Import-Csv c:\scripts\accounts.csv | New-ADUser –Name $_.commonName –GivenName $_.givenName –Surname $_.sn -EmailAddress $_.email -Type user -UserPrincipalName $_.userPrincipalName –Server LDS01:389 | Set-ADAccountPassword -Identity $_.distinguishedName -NewPassword (ConvertTo-SecureString -AsPlainText $_.Password -Force) -Reset -Server LDS01:389 | Enable-ADAccount -Identity $_.distinguishedName -Server LDS01:389
Whether working with AD or AD LDS (or even ADAM for that matter), there are several ways to update the unicodePwd attribute. If you have just one account to change, use LDP.exe or ADSIedit to get it done.

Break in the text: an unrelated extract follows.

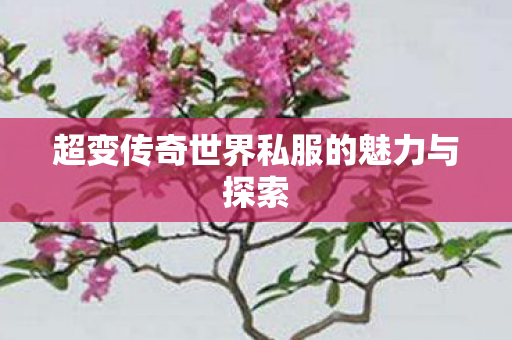超变传奇世界私服的魅力与探索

If there’s just a handful every now and then, using Windows PowerShell v2 against Windows Server 2008 R2 AD/AD LDS works great.
However, if you’re still working with Windows Server 2003 or later, and have hundreds to thousands of accounts that need constant updating, do your prep work upfront to generate the unicode-base64 value for the unicodePwd attribute. Then use LDIFDE.exe to upload those changes all at once.
I would like to thank the Microsoft Information Security ACE Services team members Roger Grimes (Principal Security Architect) and Shawn Rabourn (Senior Security Consultant) for validating this article, and USPS Federal Services’ Anthony de Lagarde (Senior Consultant) for content review.